As it prepares to take over Macromedia Inc., Adobe Systems Inc. reassured Wall Street by turning in solid second-quarter financial results, with revenue and income hitting expectations and sales reportedly on target around the world.
Adobe’s revenue rose 21 percent, to US$496 million, from the year-earlier period for the quarter ended June 3. Net income was $149.8 million, up 37 percent from the prior year. Excluding special items such as investment gains and the tax effects of moving some foreign earnings back to the U.S., Adobe’s net income per share was $0.28, a penny ahead of the consensus estimate of analysts polled by Thomson First Call. Adobe also edged ahead of analysts’ $492 million revenue estimate.
San Jose, California-based Adobe said its Macromedia acquisition remains on track to close in several months. The deal will increase Adobe’s heft in the document and Web publishing market by uniting under one corporate umbrella such popular technologies as Adobe’s PDF format and Macromedia’s Flash, along with Adobe’s Photoshop image software and Macromedia’s Dreamweaver development application.
“These are good results because of the company’s consistency in its performance,” Ovum analyst David Bradshaw wrote in a commentary on Adobe’s results. “What it really signifies is that there is good cause for optimism for the technology market in general.”
Adobe’s Creative Suite 2, a bundle of its top design and publishing applications, showed strong sales in its first quarter of release and will likely gain momentum in the coming months as international versions ship, Smith Barney analyst Tom Berquist said in a research note. Adobe slightly reigned in its forecast for its next quarter, predicting revenue of $470 million to $490 million where the analysts’ consensus estimate had been $485.7 million, but Berquist expects sales to come in at the higher end of that range.
He did register concern about Adobe’s long-term growth, as it has no major product upgrades scheduled for next year and will soon be saddled with the task of integrating Macromedia.

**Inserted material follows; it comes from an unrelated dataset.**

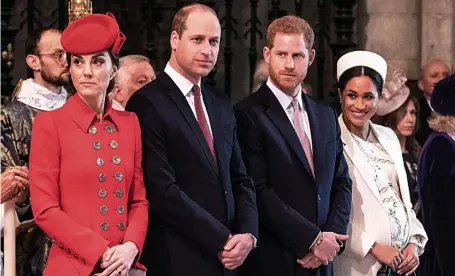  ??  ?? Rumours of a rift...Kate and William stand with Harry and Meghan at the Commonweal­th Day service at London’s Westminste­r Abbey in March. In October the Duke of Sussex admitted the brothers have “good days” and “bad days”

Analysts will be keeping a close eye on Adobe over the next few years to see how it fares in an increasingly competitive environment for enterprise Web publishing tools and standards. Microsoft Corp. recently released a beta version of Metro, its own document management format to rival PDF, and an array of software vendors such as IBM Corp., BEA Systems Inc., and Oracle Corp. are beefing up their own document management and publishing offerings. Ovum’s Bradshaw cited Microsoft’s “attempt to muscle in on Adobe’s market” as a potential problem for Adobe, while Berquist wrote that Adobe will need to “clearly define their value proposition [to] customers” also being wooed by other middleware and management software vendors.